Bio

  • Jan. 2025 — today: (tenured) Associate Professor at the ANU.
    (US-equivalent: Full Professor, German equivalent: Professor (rank W3)*)
  • Jan. 2022 — today: (tenure-track) Senior Lecturer at the ANU.
    (US-equivalent: Associate Professor, German equivalent: Professor (rank W2)*)
  • Nov. 2019 — Dec. 2021: (tenure-track) Lecturer at the ANU.
    (US-equivalent: Assistant Professor, German equivalent: Junior-Professor (rank W1)*)
  • Oct. 2016 — Oct. 2019: Project coordinator over the entire runtime of the technology transfer project Do it yourself, but not alone: Companion-Technology for Home Improvement, which was a collaboration between two Institutes of Ulm University and the Corporate Research Sector of Robert Bosch GmbH.
  • July 2009 — Dec. 2017: Dr. rer. nat. at the Institute of Artificial Intelligence of Ulm University, Germany. My supervisor was Prof. Dr. Susanne Biundo-Stephan.
  • Oct. 2003 — June 2009: Studies of Computer Science (German "Diplom", which is roughly Bachelor + Master in a single degree) at the University of Freiburg, Germany.

For my various service roles undertaken at the ANU (or Ulm University), visit the respective page.

*: On the different Professor ranks: The attentive reader might have noticed that I claim that the Associate Professor in Australia is equivalent to the Full Professor in the US or that in Germany (W3). That might appear odd as those are the highest ranks in these countries, but "Associate Professor" clearly isn't. How's that possible? "Easy": Australia has 4 ranks, whereas most other countries have only 3, so naturally there is no clear 1-to-1 mapping.
The Full Professor in Australia is less frequent than the Full Professor in the US or Germany. In other words, whereas that rank is "the default" after the initial first few years especially in Germany (for example), not everybody in Australia even gets it, and even those who do, often get it deep in their 50s. Further, the achievements required to get the rank of an Associate Professor in Australia are comparable with those required to become a Full Professor in the rest of the world. The requirements for being promoted to a Full Professor in Australia on the other hand is much more challenging, and hence the reason why not every academic even aims at this rank, or otherwise often gets it comparably late in their career. There's (even!) more that could be said but the explanation is already too long anyway. ;) I hope it helped!

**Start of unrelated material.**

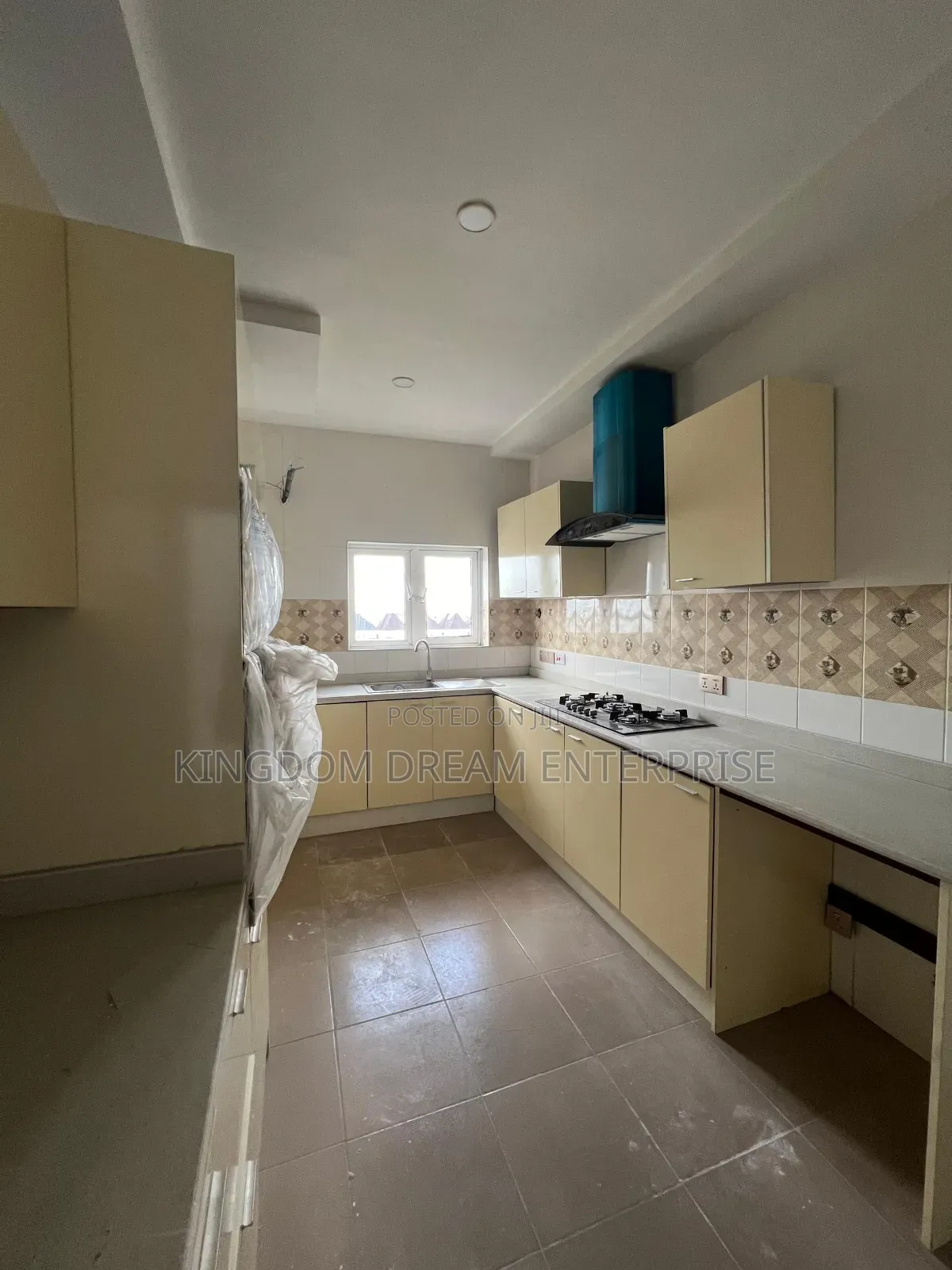 4bdrm Apartment in Osapa Lekki for rent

*: On tenure vs. tenure-track: Tenure means that one has an ongoing contract, i.e., has permanent position. If one is not tenured, one has a fixed-term contract that ends after a few years. Being on "tenure-track" means that one is in a special program where the evaluation to obtain tenure (or get it declined) is already agreed upon. I.e., being on tenture-track means that there will be an evaluation in a few years (of which the expectation is that one gets tenure, but that depends on the evaluation outcome). At the ANU, getting tenure is independent of being promoted. In fact, my promotion to Associate Professor was announced in October 2024 already (and become active on January 1st, 2025), whereas tenure was announced in the middle of January 2025 only (and was a separate process, i.e., a different application and evaluation process by different committees).